论文笔记|Neural Machine Translation


Posted by Jinga on March 17, 2021

Neural Machine Translation: A Review of Methods, Resources, and Tools


作者: Zhixing Tan, Shuo Wang, Zonghan Yang, Gang Chen, Xuancheng Huang, Maosong Sun, Yang Liu

链接: https://arxiv.org/abs/2012.15515


1)大背景: 机器翻译是自然语言处理中重要的子领域(ps:此句后面加修饰语做个定义)

Machine translation (MT) is an important sub-field of natural language processing that aims to translate natural languages using computers.

2)小背景: 近年来端到端神经机器翻译成就非凡

In recent years, end-to-end neural machine translation (NMT) has achieved great success and has become the new mainstream method in practical MT systems


In this article, we first provide a broad review of the methods for NMT and focus on methods relating to architectures, decoding, and data augmentation


Then we summarize the resources and tools that are useful for researchers.


Finally, we conclude with a discussion of possible future research directions.

引言部分提到NMT碾压以前机器翻译方法的地方在哪(Neural machine translation is a radical departure from previous machine translation approaches):

On the one hand, NMT employs continuous representations instead of discrete symbolic representations in SMT. On the other hand, NMT uses a single large neural network to model the entire translation process, freeing the need for excessive feature engineering.


We hope that by tracing the origins and evolution of NMT, we can stand on the shoulder of past studies, and gain insights into the future of NMT.


We strive to answer the three basic questions of NMT:


How to design neural networks to model the conditional distribution?


Given a source input, how to generate a translation sentence from the NMT model?


How to effectively learn the parameters of NMT from data?

1)Overview of NMT


In this article, we focus on sentence-level translation. Besides, we also assumethe input and output sentences are sequences. Thus the NMT model can be viewed as a sequence-to-sequence model.
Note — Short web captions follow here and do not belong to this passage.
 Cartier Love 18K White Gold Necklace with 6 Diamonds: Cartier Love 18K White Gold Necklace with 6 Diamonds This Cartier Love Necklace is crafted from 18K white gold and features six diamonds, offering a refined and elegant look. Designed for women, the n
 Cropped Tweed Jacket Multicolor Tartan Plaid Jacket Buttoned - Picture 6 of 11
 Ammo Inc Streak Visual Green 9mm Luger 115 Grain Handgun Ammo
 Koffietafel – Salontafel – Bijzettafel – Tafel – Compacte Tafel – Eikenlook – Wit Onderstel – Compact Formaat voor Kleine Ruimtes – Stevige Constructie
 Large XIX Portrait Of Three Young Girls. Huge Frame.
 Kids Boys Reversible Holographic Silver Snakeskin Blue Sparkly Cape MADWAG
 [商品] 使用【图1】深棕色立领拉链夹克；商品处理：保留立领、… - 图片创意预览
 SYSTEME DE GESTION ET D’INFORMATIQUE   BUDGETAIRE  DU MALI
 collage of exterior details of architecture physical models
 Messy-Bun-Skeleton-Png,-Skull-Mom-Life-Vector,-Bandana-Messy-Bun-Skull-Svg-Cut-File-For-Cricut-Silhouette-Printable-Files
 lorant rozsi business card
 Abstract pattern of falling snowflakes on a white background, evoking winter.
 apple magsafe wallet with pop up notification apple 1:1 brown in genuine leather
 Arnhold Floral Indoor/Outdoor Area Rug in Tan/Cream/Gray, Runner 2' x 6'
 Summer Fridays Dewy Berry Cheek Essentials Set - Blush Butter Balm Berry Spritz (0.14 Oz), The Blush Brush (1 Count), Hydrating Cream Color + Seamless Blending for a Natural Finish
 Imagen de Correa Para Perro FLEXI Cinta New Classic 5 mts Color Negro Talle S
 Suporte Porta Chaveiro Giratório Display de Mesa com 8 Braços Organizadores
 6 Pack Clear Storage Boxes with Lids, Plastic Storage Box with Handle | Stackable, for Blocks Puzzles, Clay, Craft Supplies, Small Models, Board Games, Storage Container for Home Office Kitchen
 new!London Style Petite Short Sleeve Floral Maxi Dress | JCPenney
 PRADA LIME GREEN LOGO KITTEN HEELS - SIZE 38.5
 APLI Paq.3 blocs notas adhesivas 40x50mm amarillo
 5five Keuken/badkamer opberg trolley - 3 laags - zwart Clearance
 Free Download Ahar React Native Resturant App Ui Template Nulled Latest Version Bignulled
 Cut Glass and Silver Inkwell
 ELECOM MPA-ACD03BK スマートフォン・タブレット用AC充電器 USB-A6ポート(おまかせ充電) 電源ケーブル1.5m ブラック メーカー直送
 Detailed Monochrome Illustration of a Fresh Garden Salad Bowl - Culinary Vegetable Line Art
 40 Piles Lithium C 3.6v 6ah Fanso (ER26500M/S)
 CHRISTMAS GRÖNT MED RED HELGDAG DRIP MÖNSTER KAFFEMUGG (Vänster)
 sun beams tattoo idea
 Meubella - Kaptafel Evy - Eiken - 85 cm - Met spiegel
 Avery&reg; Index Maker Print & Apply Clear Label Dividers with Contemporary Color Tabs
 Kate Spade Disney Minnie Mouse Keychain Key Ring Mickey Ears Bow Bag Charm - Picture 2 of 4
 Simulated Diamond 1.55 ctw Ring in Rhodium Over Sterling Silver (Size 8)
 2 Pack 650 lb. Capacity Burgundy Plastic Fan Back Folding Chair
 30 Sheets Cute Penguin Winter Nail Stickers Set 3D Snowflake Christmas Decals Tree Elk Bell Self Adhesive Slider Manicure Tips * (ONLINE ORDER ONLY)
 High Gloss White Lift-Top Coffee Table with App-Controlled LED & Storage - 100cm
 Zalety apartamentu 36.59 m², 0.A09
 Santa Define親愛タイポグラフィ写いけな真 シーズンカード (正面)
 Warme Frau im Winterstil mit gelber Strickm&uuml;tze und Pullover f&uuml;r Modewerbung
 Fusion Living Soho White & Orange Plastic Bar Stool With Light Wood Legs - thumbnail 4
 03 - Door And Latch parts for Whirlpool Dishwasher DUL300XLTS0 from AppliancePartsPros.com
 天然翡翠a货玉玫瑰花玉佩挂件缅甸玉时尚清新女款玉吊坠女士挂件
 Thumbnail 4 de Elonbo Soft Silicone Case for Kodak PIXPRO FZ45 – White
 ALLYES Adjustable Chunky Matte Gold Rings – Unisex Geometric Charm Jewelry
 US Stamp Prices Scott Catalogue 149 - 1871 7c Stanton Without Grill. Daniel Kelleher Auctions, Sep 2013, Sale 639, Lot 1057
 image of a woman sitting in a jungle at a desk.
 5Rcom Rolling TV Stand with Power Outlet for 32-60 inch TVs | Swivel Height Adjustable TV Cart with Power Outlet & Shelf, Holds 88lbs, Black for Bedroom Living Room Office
However, due to the intractably large search space, it is impractical to find the translation with the highest probability. Therefore, NMT typically uses local search algorithms such as greedy search or beam search to find a local best translation.

Training of NMT Models

In practice, instead of plain SGD optimizer, adaptive learning rate optimizers such as Adam are found to greatly reduce the training time.


Evolution of NMT Architectures

However, it is found that the performance of this approach degrades as the length of the input sentence increases.Two explanations can account for this phenomenon:

(1)The fixed-length representations have become the bottle-neck during the encoding process for long sentences.As the encoder is forced to compress the entire source sentence into a set of fixed-length vectors, some important information may be lost in this process

(2)The longest path between the source words and target words is O(S+T), and it is challenging for neural networks to learn long-term dependencies. Sutskeveret al. found that reverse the source sentence can significantly improve the performance of the fixed-length approach.By reversing the source sentence, the paths between the beginning words of source and target sentences are reduced, thus the optimization problem becomes easier

Due to these limitations, later NMT architectures switch to variable-length source representations, where the length of source representations depends on the length of the source sentence.

Attention Mechanism

In practice, the dot-product attention is much faster than the additive attention. However, the dot-product attention is found to be less stable than the additive attention when d is large.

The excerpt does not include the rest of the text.